Subserosal fibroid grows from the outside wall of the uterus into the space of pelvis.

Intramural (myometrial) fibroid grows within the muscular wall of uterus.

Submucosal fibroid grows just under the interior surface of the uterus and could protrude into the uterus. If fibroid grows and extends into the interior of the uterus, it called intracavitary fibroid. This type of fibroids can distort the shape of uterus.

Pedunculated fibroid usually grows outside of the uterus (from external wall) – it is just attached by a narrow stalk.

Fibroids symptoms

Symptoms depend on the number of fibroids, their size and locations.

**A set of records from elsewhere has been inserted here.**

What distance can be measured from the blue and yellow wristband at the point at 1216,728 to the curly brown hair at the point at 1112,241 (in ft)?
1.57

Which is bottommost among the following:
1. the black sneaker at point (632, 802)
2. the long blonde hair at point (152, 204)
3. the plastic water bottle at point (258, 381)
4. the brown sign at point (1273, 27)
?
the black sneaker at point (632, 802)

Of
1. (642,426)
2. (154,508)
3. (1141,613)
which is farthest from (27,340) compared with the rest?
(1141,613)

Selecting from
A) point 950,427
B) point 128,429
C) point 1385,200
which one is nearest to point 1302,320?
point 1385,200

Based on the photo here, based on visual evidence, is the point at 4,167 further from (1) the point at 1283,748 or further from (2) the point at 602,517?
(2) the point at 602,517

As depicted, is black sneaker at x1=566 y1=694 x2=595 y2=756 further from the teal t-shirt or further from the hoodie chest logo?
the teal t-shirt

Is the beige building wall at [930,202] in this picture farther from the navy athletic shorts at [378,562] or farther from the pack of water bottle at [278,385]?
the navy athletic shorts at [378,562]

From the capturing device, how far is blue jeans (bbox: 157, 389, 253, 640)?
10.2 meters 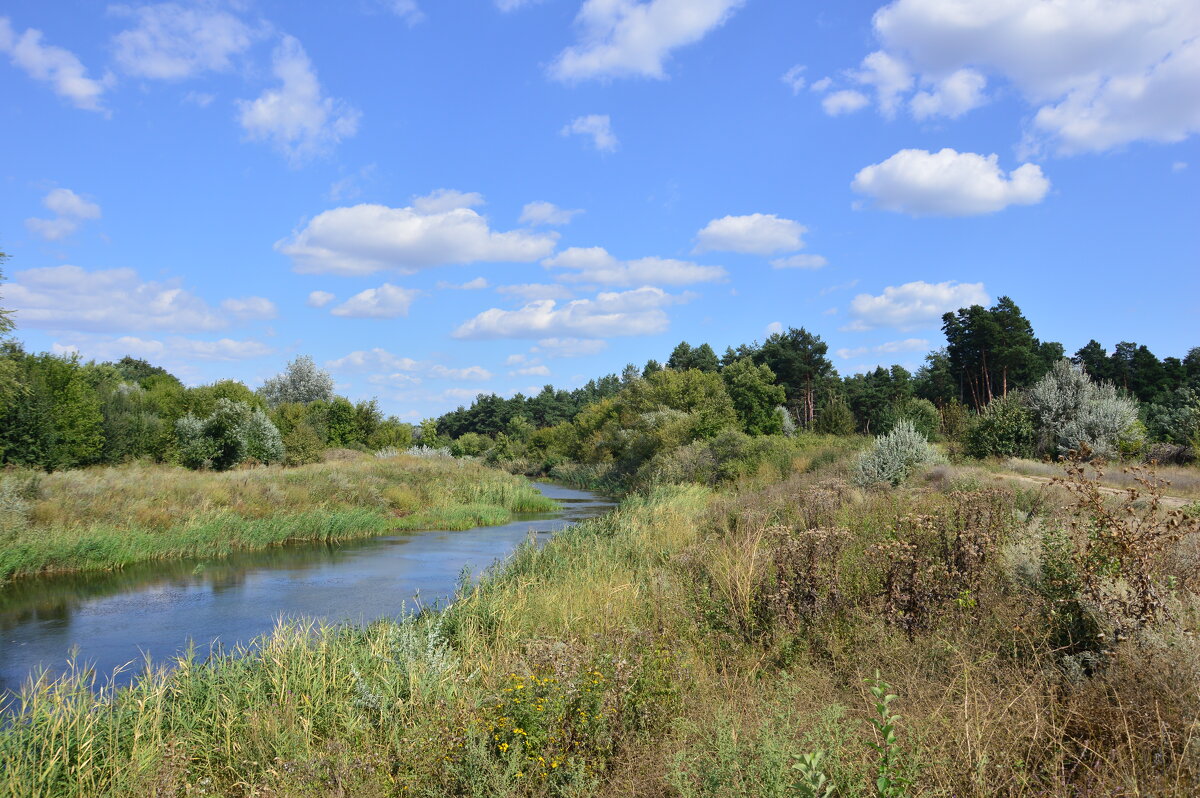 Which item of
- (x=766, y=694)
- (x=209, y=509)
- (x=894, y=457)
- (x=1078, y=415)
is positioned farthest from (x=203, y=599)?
(x=1078, y=415)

Large tumors are more likely trigger adequate severe symptoms.

  • Uterine bleeding (moderate or heavy) – during menstrual periods or between periods and sometimes leading to anaemia;
  • Pelvic pain and/or swelling – pain could appear if tumor twists (cutting off its blood supply) or if tumor grows too large and blood supply is reducing dramatically causing degeneration and pain.
  • Urination problems – urge to urinate frequently or urgently; it happens if the tumor is pressing on your bladder.
  • Constipation – it happens if tumor is pressing on your bowel
  • Enlarged abdomen – could happen only if women have several big size tumors.
  • Infertility – tumors can cause infertility by blocking Fallopian tubes or by distorting the shape of the uterus, making implantation of the fertilized egg difficult or impossible.
  • Pregnancy complication – including repeated miscarriages, preterm labor, abnormal baby positioning and excessive blood loss after delivery (postpartum hemorrhage).

Fibroids diagnosis

Diagnosis should be organized in specialized clinics by experienced experts as treatment methods should be based on diagnostic tests which include the following:

  • Ultrasound scanning,
  • Hysteroscopy with or without biopsy,
  • Hysterosalpingography,
  • MRI (Magnetic resonance imaging),
  • Laparoscopy,
  • Blood tests (in cases of anaemia).